Lev Grossman is the book critic for Time and the author of “The Magicians”, a novel. In this great piece in the WSJ, he writes about the “plot against plot”–the abandonment of story in 20th century literary fiction–and the new trend in fiction to embrace story again.
I’m a huge lover of modern and postmodern fiction. But I do think we as novelists owe as much to our readers as we do to art. The current pendulum swing back towards hybridizing literary fiction with genre fiction to make the former readable is good for writers and good for readers. It only makes what we write that much more relevant, because what use is the most artfully written novel if it interests no one? Novelists have a lot to learn from the challenge of being entertaining.
n.b.: I had jumped on the bandwagon without even realizing it–my new novel is literary fiction inspired by graphic novels. ‘Cause I’m trendy like that I guess.

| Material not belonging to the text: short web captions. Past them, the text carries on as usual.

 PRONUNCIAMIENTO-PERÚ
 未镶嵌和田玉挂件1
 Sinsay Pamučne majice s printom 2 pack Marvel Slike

The novel is getting entertaining again. Writers like Michael Chabon, Jonathan Lethem, Donna Tartt, Kelly Link, Audrey Niffenegger, Richard Price, Kate Atkinson, Neil Gaiman, and Susanna Clarke, to name just a few, are busily grafting the sophisticated, intensely aware literary language of Modernism onto the sturdy narrative roots of genre fiction: fantasy, science fiction, detective fiction, romance. They’re forging connections between literary spheres that have been hermetically sealed off from one another for a century. Look at Cormac McCarthy, who for years appeared to be the oldest living Modernist in captivity, but who has inaugurated his late period with a serial-killer novel followed by a work of apocalyptic science fiction. Look at Thomas Pynchon—in “Inherent Vice” he has swapped his usual cumbersome verbal calisthenics for the more maneuverable chassis of a hard-boiled detective novel.
This is the future of fiction. The novel is finally waking up from its 100-year carbonite nap. Old hierarchies of taste are collapsing. Genres are hybridizing. The balance of power is swinging from the writer back to the reader, and compromises with the public taste are being struck all over the place. Lyricism is on the wane, and suspense and humor and pacing are shedding their stigmas and taking their place as the core literary technologies of the 21st century.